Internal Rate of Return (IRR)
It is an implied return from an investment. To illustrate, if you put in $100 today and get $120 back one year from now, then the internal rate of return or IRR is 20% per year. Likewise, if you purchase a 12-month T-bill with a face value of $1000 for
$909.09 today, then the actual return you will earn is 10% ($1000 discounted at 10% gives you $909.09 today). In this example the IRR is 10%. In general, IRR is the discount rate that makes the net present value (NPV) of an investment equivalent to zero. In the T- bill illustration, initial investment is $909.09, dollar return is $1000, and NPV = 1000/(1 + r) 909.09. When you set NPV to zero and solve for the discount rate r, you will get IRR = 10%. When the investment involves multiple cash flows over many years, the IRR is difficult to be solved by hand. Several spreadsheets such as Excel have built-in functions to solve for IRR. For instance, if you put in $100 today, and get back $80 one year later and $140 two years later, then the IRR is 64.90%.
IRR is typically used to gauge the profitability of an investment. For example, if your minimum acceptable return is 12%, and a project offers an IRR of 14%, then this is an attractive project.
The word “internal” translates to the word implied or intrinsic. It not related to the cheating practice where a firm reports one return internally while another externally.
See “Net Present Value.”
International Monetary Fund (IMF)
The International Monetary Fund, along with the World Bank, was created by the victorious countries of the World War II. The two financial institutions, both headquartered in Washington D.C., were designed to help rebuild the post-war economies of the allied countries. Today, the primary mandate of the IMF includes promoting international monetary cooperation, balanced expansion of world trade, stability of exchange rates, the avoidance of competitive currency devaluations, and the orderly correction of a country’s balance of payments problems. The IMF has almost 200 member countries.
See also “World Bank.”
Investment Banker
Synonym of “investment dealer.”
Investment Banking
One of the main business activities performed by large banks. Unlike commercial banking which involves accepting deposits and making loans, investment banking mostly involves assisting companies in their financing and other related financial decisions. The generally known activities include underwriting securities and advising companies on mergers and acquisitions (M&As).

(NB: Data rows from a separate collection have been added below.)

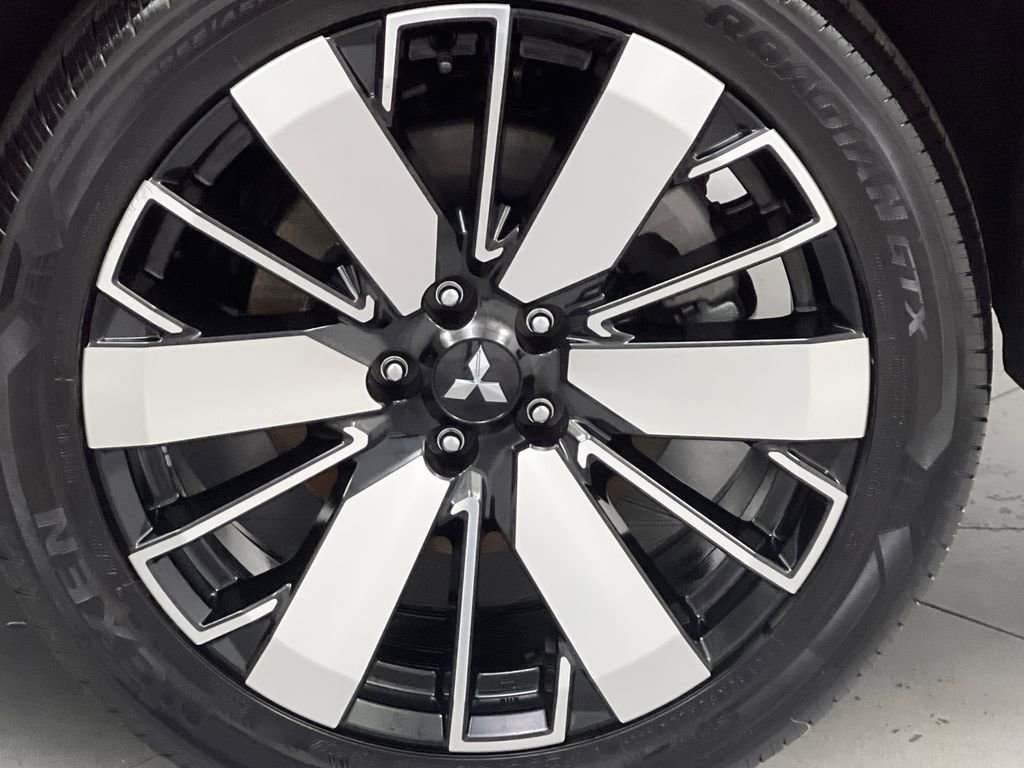 Used 2025 Mitsubishi Outlander SE AWD/4WD image 71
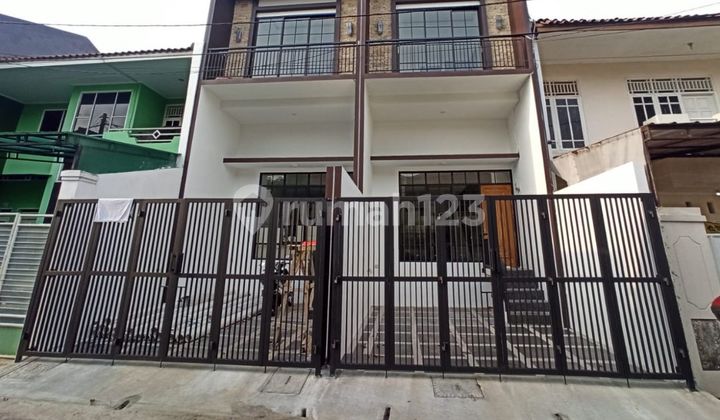 Rumah dijual Murah di Curug Jakarta Timur dekat Tol Pondok Kelapa 1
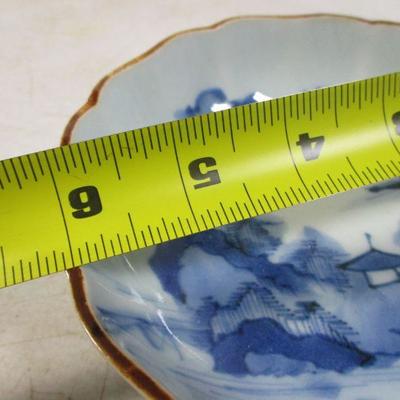 Lot 23 - Asian Style Chinaware 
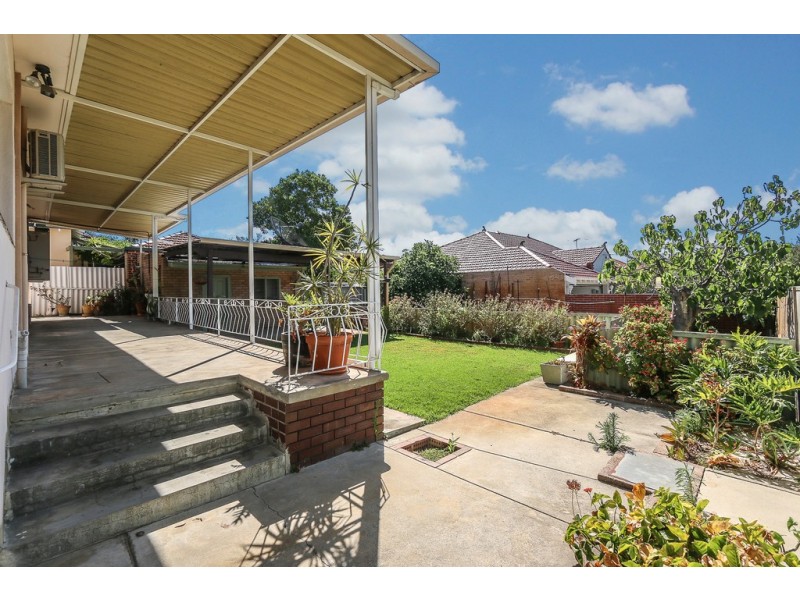 29 Robinson Street, Inglewood WA 6052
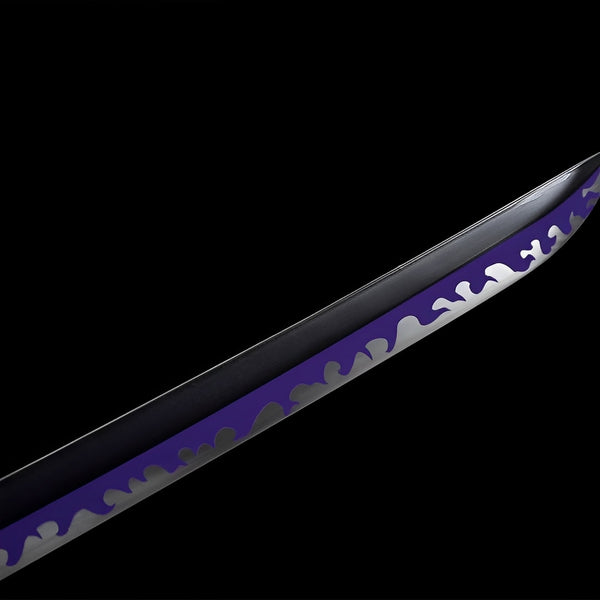 Enma Katana Zoro One Piece mit lila Saya, goldenen Beschlägen und Dreiblatt-Tsuba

When firms are in need of capital, investment banks assist them in issuing new debt or equity. When a private company goes public the first time, investment banks help them execute the so- called “initial public offering (IPO).” In the case of M&As, investment banks conduct such activities as valuation and due diligence checks. While banks make money from the interest rate spread in commercial banking, the profit in investment banking comes from charging service fees. The proceeds from investment banking usually accounts for a large portion of the bank’s total revenue.
Incidentally, there are also independent financial firms that engage exclusively in investment banking.
See also “Commercial Banking,” “Initial Public Offering (IPO)” and “Mergers and Acquisitions (M&A).”
Investment Dealer
Financial firms which specialize in selling securities on behalf of other companies. In the U.S., they are referred to as investment bankers. Major investment dealers in Canada include RBC Dominion Securities, CIBC Capital Markets, and BMO Nesbitt Burns.
Investment Grade Bonds
Bonds rated above and including BBB. Many institutional investors are not permitted (by law) to hold bonds rated below BBB, or junk bonds. Therefore, bonds rated above and including BBB are called investment grade bonds.